Top of Source information
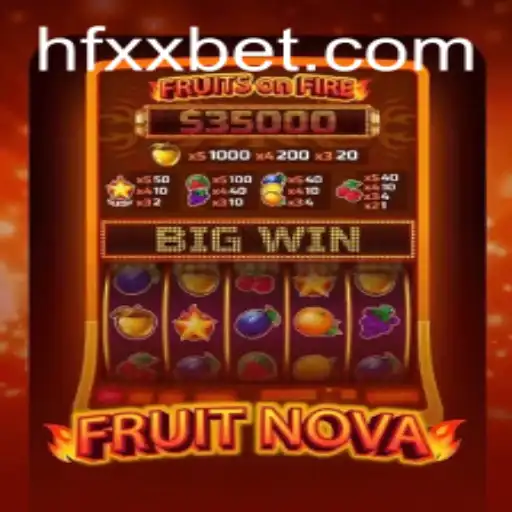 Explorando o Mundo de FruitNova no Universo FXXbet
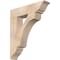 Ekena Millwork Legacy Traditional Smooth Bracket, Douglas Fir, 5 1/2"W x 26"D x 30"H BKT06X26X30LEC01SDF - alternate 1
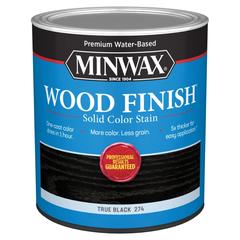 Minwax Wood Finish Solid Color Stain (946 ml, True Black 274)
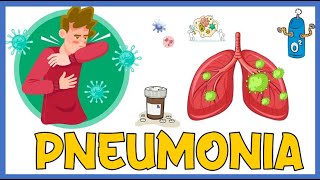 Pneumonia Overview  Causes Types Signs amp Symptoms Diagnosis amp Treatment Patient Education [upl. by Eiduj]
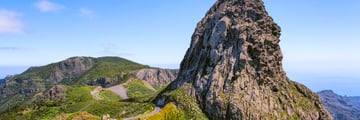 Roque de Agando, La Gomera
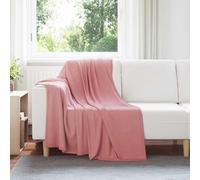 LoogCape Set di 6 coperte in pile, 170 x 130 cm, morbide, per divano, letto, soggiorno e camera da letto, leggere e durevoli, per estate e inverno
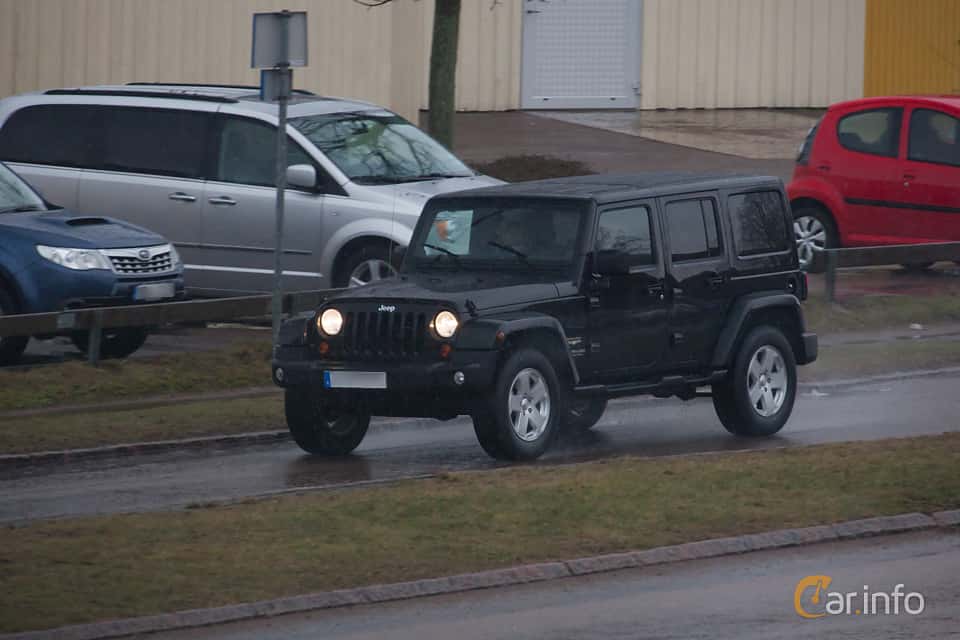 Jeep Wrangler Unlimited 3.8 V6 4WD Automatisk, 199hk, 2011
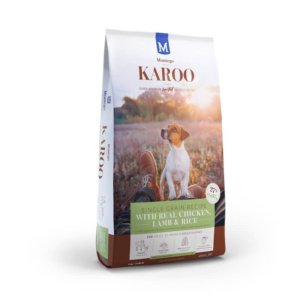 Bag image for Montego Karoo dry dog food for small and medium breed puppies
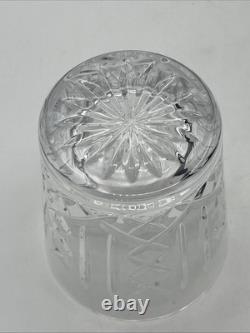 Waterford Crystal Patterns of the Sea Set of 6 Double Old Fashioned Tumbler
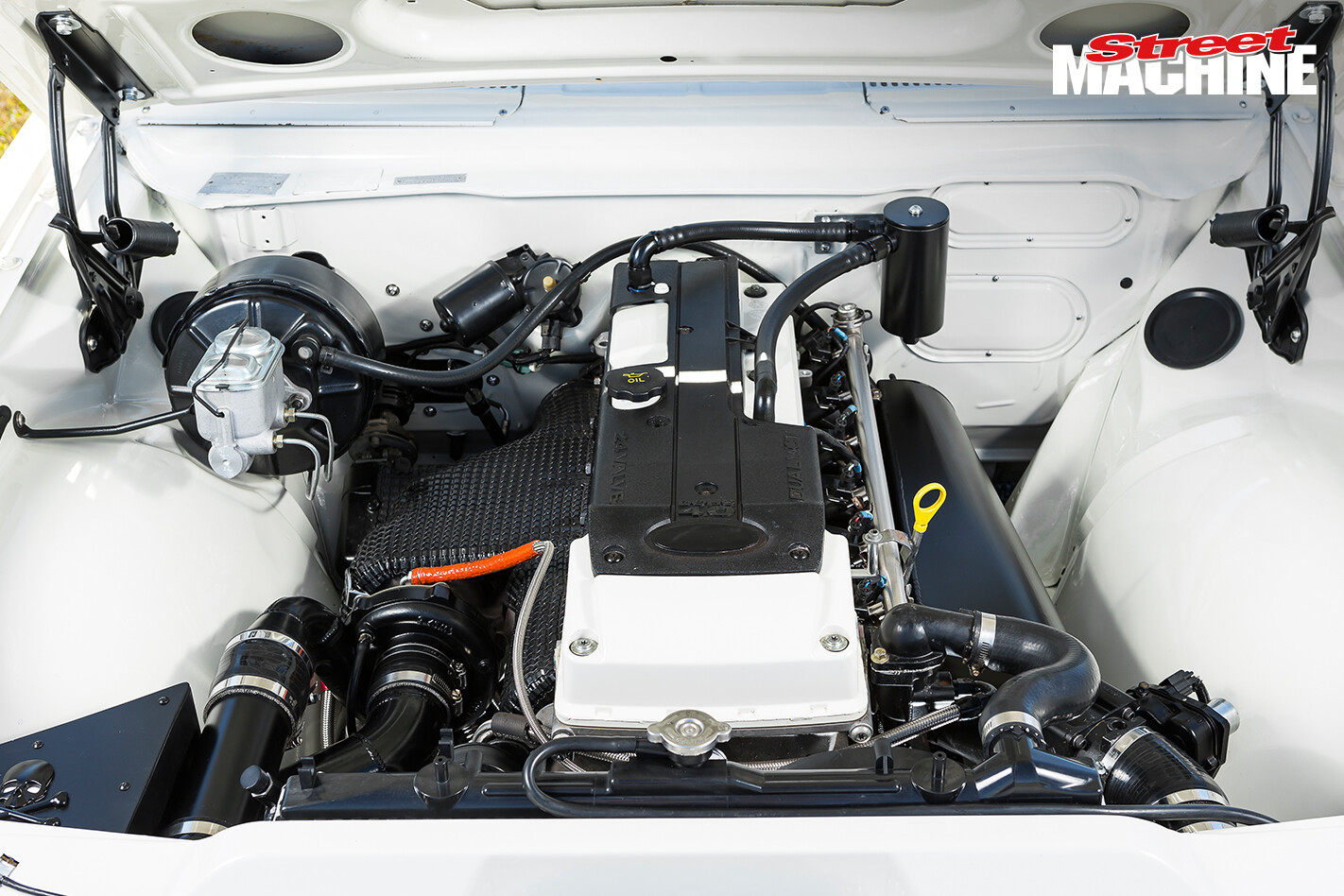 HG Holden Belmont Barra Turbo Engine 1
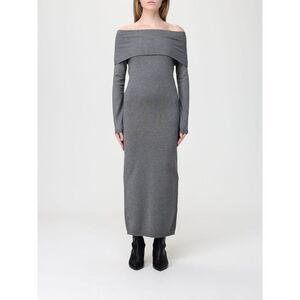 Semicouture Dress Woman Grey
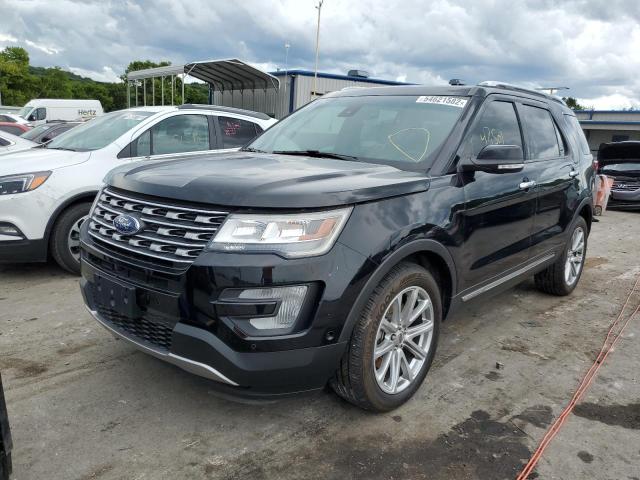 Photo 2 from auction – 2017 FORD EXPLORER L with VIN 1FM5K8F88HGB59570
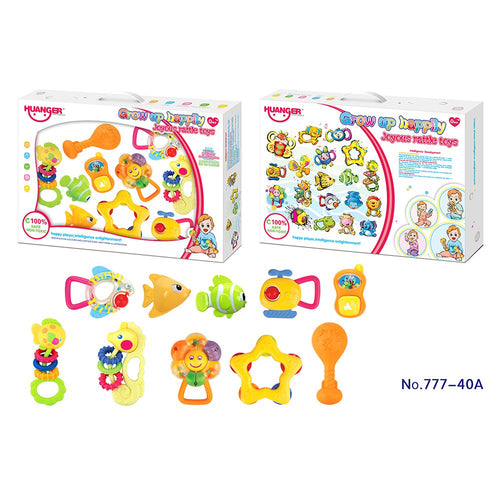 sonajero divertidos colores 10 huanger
Bottom of Source information
Task goal :: Leaving the pictures out, reproduce the entries above exactly.

Response for this exercise ::
 Explorando o Mundo de FruitNova no Universo FXXbet
 Ekena Millwork Legacy Traditional Smooth Bracket, Douglas Fir, 5 1/2"W x 26"D x 30"H BKT06X26X30LEC01SDF - alternate 1
 Minwax Wood Finish Solid Color Stain (946 ml, True Black 274)
 Pneumonia Overview  Causes Types Signs amp Symptoms Diagnosis amp Treatment Patient Education [upl. by Eiduj]
 Roque de Agando, La Gomera
 LoogCape Set di 6 coperte in pile, 170 x 130 cm, morbide, per divano, letto, soggiorno e camera da letto, leggere e durevoli, per estate e inverno
 Jeep Wrangler Unlimited 3.8 V6 4WD Automatisk, 199hk, 2011
 Bag image for Montego Karoo dry dog food for small and medium breed puppies
 Waterford Crystal Patterns of the Sea Set of 6 Double Old Fashioned Tumbler
 HG Holden Belmont Barra Turbo Engine 1
 Semicouture Dress Woman Grey
 Photo 2 from auction – 2017 FORD EXPLORER L with VIN 1FM5K8F88HGB59570
 sonajero divertidos colores 10 huanger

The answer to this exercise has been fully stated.